**Entries provided:**
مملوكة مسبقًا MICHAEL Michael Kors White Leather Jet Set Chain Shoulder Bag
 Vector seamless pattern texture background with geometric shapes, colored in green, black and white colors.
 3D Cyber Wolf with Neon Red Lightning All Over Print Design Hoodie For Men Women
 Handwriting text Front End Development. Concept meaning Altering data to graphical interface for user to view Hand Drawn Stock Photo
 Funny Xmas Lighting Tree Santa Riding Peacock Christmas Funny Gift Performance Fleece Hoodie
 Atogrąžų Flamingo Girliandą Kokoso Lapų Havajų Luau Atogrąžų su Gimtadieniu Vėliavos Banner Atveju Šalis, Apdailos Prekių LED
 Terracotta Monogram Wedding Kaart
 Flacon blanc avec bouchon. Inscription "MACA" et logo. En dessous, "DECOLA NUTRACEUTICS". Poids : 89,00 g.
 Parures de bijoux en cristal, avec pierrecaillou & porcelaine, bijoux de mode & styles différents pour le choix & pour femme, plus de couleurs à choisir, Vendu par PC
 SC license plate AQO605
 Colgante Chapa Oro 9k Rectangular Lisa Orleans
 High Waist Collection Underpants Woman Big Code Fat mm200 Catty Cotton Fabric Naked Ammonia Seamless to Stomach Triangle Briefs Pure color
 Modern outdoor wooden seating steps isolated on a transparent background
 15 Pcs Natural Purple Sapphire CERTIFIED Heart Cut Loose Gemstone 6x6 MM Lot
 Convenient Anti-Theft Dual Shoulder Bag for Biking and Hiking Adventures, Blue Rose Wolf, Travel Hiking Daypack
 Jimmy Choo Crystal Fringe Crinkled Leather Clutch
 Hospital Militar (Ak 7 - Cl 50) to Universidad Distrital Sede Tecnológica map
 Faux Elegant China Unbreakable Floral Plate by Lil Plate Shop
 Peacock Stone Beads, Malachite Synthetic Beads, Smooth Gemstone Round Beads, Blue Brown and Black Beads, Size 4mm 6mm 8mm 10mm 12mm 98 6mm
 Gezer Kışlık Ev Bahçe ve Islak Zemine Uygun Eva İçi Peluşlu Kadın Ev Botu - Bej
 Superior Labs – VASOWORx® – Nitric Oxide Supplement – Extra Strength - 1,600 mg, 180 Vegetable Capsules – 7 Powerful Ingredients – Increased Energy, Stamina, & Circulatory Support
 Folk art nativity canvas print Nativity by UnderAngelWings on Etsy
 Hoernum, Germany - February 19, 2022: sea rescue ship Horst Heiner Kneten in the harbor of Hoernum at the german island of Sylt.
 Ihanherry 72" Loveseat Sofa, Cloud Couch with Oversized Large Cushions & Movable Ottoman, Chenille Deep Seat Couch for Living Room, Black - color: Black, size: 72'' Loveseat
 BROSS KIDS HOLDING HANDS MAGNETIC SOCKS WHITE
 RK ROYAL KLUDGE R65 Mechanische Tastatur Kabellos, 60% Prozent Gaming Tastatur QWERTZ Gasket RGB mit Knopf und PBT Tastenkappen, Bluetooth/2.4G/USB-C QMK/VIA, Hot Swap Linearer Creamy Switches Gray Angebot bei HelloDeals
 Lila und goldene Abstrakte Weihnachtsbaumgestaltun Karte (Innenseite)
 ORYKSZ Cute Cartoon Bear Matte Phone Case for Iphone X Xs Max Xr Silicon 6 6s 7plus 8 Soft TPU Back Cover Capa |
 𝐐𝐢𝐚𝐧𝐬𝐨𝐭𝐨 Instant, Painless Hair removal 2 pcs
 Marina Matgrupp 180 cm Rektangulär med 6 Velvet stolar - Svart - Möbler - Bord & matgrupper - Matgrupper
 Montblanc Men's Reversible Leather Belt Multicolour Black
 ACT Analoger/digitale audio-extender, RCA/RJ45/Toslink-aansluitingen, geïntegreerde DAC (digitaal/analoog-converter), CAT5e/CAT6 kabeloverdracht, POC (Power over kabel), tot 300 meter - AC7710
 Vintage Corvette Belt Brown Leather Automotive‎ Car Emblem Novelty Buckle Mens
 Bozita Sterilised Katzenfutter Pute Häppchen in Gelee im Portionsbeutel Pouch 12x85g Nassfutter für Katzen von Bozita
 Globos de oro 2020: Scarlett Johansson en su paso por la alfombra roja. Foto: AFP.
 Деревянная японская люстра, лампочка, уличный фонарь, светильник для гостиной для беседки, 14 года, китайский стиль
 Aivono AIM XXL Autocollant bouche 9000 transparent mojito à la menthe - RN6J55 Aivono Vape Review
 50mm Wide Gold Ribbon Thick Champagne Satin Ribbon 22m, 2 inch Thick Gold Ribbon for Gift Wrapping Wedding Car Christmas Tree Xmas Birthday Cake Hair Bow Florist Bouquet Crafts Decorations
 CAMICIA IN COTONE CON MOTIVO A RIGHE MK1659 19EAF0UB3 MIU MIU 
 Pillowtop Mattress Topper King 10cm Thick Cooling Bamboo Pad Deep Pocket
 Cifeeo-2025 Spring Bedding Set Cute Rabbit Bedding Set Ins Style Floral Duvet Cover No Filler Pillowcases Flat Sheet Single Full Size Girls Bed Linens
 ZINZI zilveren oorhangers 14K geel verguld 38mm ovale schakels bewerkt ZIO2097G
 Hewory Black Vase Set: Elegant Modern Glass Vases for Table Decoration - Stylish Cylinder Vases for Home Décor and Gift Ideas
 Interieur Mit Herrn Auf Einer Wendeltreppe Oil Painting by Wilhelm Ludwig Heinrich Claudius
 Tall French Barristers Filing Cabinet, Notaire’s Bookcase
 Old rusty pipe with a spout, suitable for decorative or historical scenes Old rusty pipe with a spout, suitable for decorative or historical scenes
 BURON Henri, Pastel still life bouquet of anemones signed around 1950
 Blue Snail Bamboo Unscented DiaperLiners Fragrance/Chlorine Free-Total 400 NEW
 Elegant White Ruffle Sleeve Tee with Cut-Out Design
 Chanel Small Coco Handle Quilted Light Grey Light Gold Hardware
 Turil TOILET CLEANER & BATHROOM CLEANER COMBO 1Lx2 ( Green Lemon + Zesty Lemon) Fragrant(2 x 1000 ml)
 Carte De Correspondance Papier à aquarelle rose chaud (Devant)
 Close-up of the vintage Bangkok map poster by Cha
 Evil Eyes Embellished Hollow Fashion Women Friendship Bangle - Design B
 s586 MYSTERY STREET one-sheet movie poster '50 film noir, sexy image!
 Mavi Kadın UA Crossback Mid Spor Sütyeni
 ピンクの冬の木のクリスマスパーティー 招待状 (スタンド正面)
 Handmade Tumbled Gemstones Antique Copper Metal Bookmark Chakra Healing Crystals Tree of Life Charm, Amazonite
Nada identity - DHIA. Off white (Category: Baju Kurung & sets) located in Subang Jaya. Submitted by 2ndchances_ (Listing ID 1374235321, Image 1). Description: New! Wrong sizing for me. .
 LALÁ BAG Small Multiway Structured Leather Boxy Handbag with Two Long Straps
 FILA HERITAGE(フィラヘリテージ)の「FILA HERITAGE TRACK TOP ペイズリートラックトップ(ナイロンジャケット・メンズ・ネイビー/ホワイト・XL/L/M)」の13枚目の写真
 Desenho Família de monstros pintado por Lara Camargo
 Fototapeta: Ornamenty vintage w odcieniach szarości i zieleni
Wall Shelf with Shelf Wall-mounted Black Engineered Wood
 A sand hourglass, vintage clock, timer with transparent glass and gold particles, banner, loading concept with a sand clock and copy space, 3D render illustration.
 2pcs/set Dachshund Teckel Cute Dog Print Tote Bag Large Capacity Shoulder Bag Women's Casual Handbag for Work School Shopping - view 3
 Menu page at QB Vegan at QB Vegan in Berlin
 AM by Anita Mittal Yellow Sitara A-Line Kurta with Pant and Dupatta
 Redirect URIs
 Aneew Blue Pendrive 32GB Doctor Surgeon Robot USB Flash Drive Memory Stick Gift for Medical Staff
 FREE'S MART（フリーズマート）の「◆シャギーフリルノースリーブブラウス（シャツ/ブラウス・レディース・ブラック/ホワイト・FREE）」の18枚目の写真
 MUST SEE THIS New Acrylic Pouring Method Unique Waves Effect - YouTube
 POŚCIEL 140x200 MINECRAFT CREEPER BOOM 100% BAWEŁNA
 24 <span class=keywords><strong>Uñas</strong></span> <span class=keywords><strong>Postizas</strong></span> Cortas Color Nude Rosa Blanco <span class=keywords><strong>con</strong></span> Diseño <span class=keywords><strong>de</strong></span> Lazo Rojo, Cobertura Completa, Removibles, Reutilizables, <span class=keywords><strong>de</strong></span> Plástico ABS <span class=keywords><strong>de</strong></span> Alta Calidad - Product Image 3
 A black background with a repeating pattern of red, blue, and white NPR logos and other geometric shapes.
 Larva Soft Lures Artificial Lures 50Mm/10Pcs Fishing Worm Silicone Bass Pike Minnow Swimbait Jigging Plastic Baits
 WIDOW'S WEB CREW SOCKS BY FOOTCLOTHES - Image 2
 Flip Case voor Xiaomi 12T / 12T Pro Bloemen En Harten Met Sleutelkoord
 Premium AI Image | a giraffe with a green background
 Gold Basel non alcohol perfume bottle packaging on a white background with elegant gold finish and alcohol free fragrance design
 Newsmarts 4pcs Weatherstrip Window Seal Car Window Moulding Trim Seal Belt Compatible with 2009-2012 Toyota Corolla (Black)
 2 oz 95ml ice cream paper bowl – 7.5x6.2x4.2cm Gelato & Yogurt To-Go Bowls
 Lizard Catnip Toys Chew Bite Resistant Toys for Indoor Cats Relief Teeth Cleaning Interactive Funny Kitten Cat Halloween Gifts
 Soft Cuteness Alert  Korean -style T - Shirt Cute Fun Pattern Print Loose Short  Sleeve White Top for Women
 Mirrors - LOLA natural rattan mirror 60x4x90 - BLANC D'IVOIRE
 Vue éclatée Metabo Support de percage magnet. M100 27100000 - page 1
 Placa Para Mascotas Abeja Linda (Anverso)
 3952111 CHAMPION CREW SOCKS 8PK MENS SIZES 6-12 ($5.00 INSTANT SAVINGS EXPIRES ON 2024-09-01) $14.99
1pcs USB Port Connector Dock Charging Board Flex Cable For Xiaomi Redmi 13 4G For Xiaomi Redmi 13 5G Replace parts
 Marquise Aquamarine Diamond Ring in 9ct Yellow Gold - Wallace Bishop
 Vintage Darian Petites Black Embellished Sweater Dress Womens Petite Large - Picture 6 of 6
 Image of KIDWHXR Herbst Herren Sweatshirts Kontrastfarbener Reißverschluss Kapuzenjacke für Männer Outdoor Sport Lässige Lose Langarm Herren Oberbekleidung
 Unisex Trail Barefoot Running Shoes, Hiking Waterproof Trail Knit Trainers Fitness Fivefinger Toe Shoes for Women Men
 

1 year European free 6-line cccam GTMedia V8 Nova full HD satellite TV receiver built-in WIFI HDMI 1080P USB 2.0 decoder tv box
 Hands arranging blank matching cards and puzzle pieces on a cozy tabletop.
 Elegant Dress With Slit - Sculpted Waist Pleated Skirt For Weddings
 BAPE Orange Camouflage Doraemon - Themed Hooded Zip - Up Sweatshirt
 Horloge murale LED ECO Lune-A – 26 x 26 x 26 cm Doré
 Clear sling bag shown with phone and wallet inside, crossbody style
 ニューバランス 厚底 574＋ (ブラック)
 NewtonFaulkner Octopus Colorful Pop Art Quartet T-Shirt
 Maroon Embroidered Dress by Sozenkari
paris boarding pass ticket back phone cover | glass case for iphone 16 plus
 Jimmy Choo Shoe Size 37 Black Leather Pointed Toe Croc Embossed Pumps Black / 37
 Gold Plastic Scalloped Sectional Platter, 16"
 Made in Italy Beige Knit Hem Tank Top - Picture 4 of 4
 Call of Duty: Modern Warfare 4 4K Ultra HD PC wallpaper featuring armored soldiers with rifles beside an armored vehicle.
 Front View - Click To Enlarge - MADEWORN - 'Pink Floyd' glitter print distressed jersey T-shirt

**What the task asks:**
In the listing above, find the line containing "High Waist Collection" and the line containing "BROSS KIDS HOLDING", then repeat those two lines and everything between them exactly.

**Response to the exercise:**
 High Waist Collection Underpants Woman Big Code Fat mm200 Catty Cotton Fabric Naked Ammonia Seamless to Stomach Triangle Briefs Pure color
 Modern outdoor wooden seating steps isolated on a transparent background
 15 Pcs Natural Purple Sapphire CERTIFIED Heart Cut Loose Gemstone 6x6 MM Lot
 Convenient Anti-Theft Dual Shoulder Bag for Biking and Hiking Adventures, Blue Rose Wolf, Travel Hiking Daypack
 Jimmy Choo Crystal Fringe Crinkled Leather Clutch
 Hospital Militar (Ak 7 - Cl 50) to Universidad Distrital Sede Tecnológica map
 Faux Elegant China Unbreakable Floral Plate by Lil Plate Shop
 Peacock Stone Beads, Malachite Synthetic Beads, Smooth Gemstone Round Beads, Blue Brown and Black Beads, Size 4mm 6mm 8mm 10mm 12mm 98 6mm
 Gezer Kışlık Ev Bahçe ve Islak Zemine Uygun Eva İçi Peluşlu Kadın Ev Botu - Bej
 Superior Labs – VASOWORx® – Nitric Oxide Supplement – Extra Strength - 1,600 mg, 180 Vegetable Capsules – 7 Powerful Ingredients – Increased Energy, Stamina, & Circulatory Support
 Folk art nativity canvas print Nativity by UnderAngelWings on Etsy
 Hoernum, Germany - February 19, 2022: sea rescue ship Horst Heiner Kneten in the harbor of Hoernum at the german island of Sylt.
 Ihanherry 72" Loveseat Sofa, Cloud Couch with Oversized Large Cushions & Movable Ottoman, Chenille Deep Seat Couch for Living Room, Black - color: Black, size: 72'' Loveseat
 BROSS KIDS HOLDING HANDS MAGNETIC SOCKS WHITE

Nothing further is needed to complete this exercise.